-- Assigned task --
Your reply should be one number: how many lines of the material contain the word "sale".

-- Material provided --
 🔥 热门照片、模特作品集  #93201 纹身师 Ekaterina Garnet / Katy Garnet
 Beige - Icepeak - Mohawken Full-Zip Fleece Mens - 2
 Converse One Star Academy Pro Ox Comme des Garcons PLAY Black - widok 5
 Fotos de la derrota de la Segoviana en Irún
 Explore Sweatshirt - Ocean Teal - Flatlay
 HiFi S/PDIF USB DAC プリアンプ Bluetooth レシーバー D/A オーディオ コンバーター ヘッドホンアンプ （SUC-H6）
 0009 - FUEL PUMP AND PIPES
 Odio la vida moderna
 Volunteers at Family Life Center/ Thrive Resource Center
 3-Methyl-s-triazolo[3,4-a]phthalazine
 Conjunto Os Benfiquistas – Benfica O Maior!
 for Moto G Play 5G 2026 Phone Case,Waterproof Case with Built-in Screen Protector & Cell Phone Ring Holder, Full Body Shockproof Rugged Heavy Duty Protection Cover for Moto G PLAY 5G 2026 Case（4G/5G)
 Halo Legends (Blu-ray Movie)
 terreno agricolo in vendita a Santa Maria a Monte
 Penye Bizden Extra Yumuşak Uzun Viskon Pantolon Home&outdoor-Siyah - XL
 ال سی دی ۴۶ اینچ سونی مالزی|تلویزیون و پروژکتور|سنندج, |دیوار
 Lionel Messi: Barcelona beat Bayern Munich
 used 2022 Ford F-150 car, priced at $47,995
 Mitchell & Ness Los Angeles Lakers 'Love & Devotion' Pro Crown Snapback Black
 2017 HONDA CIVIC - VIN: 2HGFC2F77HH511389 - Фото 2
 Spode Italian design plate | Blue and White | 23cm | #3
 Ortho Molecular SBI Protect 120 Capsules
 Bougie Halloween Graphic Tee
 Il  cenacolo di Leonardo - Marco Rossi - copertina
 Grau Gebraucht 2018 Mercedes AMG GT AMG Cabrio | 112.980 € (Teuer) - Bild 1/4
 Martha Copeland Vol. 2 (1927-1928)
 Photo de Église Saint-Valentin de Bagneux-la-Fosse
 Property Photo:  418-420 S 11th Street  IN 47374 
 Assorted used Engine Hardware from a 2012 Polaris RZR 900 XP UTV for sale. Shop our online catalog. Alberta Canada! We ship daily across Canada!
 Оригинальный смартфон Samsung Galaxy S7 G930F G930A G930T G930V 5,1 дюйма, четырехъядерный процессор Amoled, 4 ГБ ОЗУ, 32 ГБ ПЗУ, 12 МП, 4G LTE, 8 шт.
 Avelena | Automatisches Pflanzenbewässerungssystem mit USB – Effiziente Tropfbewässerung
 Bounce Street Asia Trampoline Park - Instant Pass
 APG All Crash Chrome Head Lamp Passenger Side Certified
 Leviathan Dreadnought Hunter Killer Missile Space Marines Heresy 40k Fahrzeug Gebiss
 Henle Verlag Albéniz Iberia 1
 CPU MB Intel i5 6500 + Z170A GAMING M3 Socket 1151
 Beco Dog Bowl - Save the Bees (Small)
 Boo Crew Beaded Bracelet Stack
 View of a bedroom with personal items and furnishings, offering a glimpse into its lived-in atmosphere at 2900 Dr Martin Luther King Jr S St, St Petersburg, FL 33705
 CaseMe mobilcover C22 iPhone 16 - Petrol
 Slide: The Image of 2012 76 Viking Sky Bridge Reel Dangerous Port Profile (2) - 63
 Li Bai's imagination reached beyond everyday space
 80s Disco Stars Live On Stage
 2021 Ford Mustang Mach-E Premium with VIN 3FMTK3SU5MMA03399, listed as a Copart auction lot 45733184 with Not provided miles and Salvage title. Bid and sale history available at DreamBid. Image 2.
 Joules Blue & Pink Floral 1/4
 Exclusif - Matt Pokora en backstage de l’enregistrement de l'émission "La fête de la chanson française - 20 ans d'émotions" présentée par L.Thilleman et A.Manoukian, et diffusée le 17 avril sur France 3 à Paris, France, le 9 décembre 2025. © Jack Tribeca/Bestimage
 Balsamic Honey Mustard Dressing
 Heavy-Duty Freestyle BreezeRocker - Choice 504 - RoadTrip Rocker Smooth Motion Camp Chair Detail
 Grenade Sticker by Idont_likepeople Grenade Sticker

-- Answer box --
2